### SOURCE MATERIAL
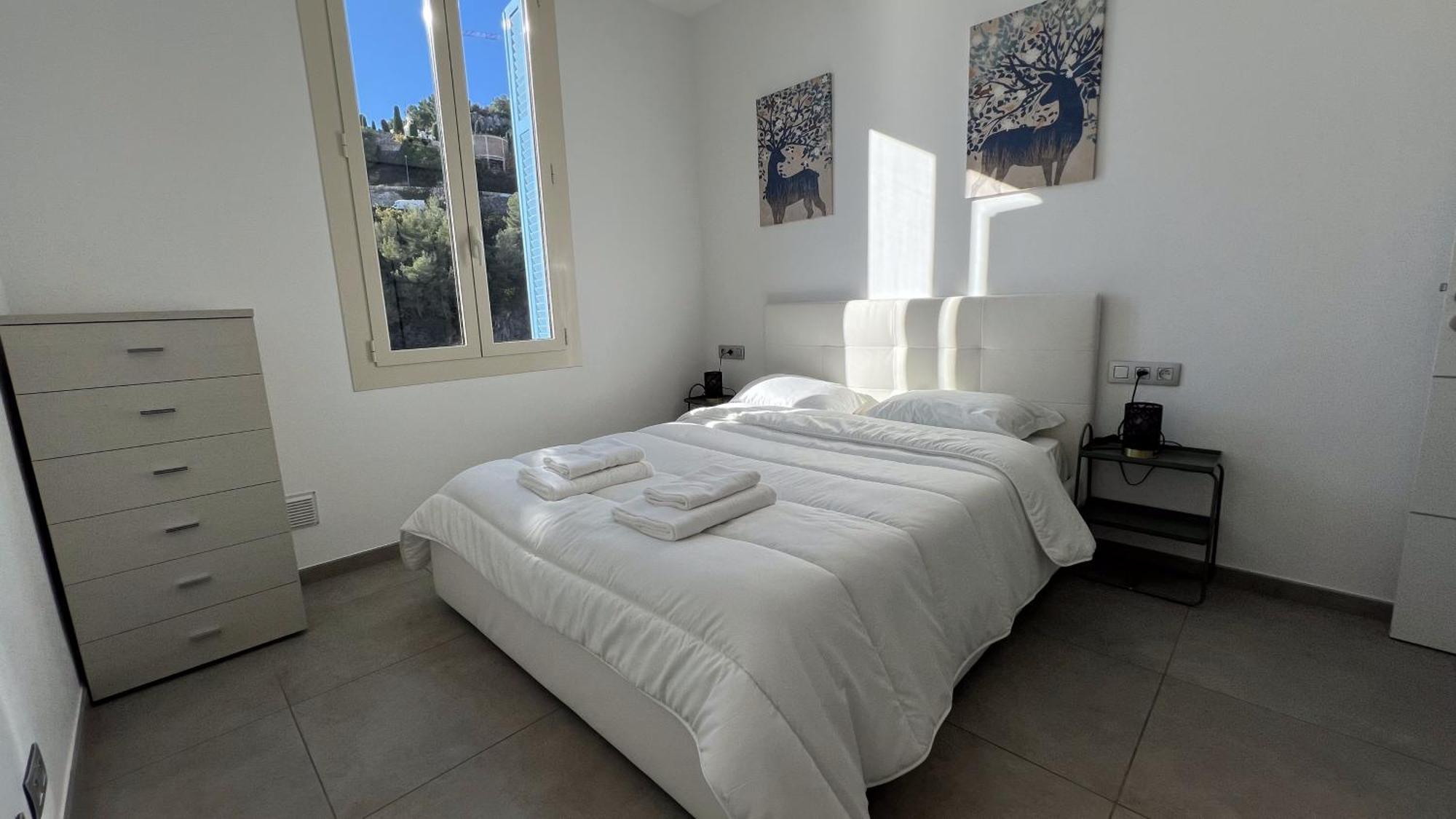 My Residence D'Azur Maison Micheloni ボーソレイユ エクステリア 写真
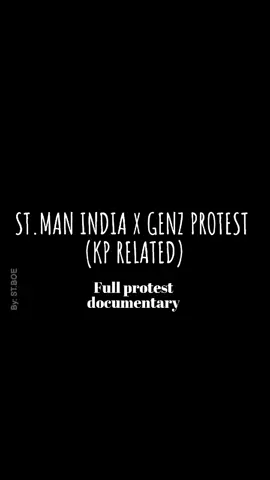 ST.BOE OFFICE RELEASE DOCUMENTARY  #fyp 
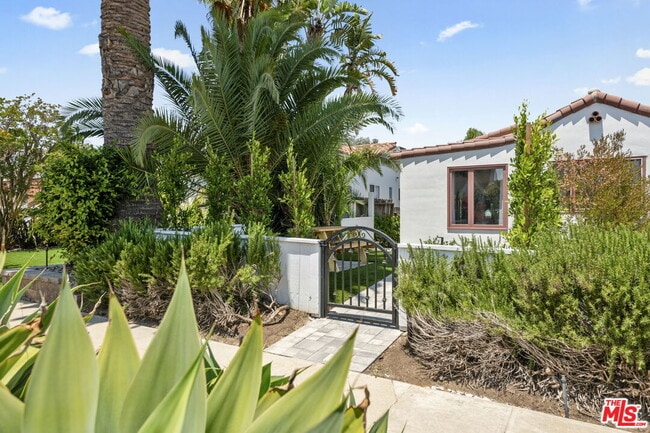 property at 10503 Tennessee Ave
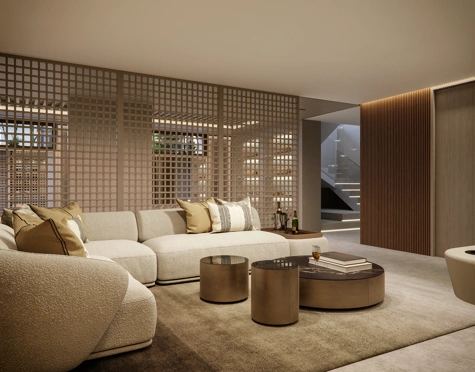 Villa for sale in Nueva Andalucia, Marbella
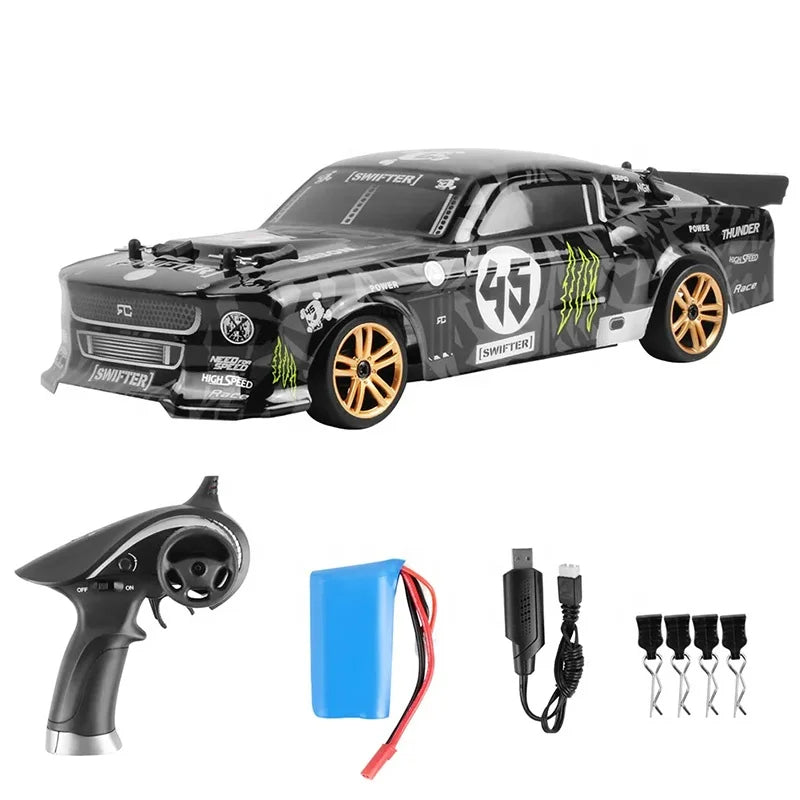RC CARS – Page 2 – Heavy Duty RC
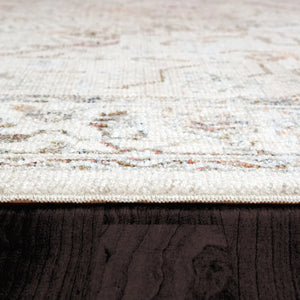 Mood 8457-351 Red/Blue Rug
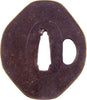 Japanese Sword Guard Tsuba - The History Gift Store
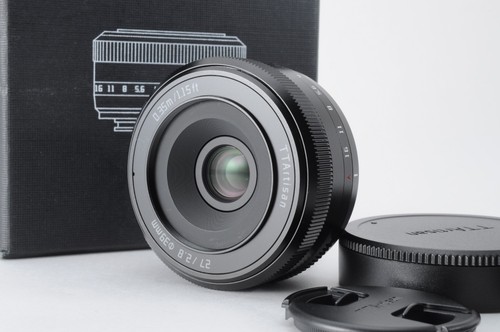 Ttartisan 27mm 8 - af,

### WHAT IS EXPECTED
Would you copy each line above exactly as given, dropping any images?

### OUTPUT OF THE EXERCISE
 My Residence D'Azur Maison Micheloni ボーソレイユ エクステリア 写真
 ST.BOE OFFICE RELEASE DOCUMENTARY  #fyp 
 property at 10503 Tennessee Ave
 Villa for sale in Nueva Andalucia, Marbella
RC CARS – Page 2 – Heavy Duty RC
 Mood 8457-351 Red/Blue Rug
 Japanese Sword Guard Tsuba - The History Gift Store
 Ttartisan 27mm 8 - af,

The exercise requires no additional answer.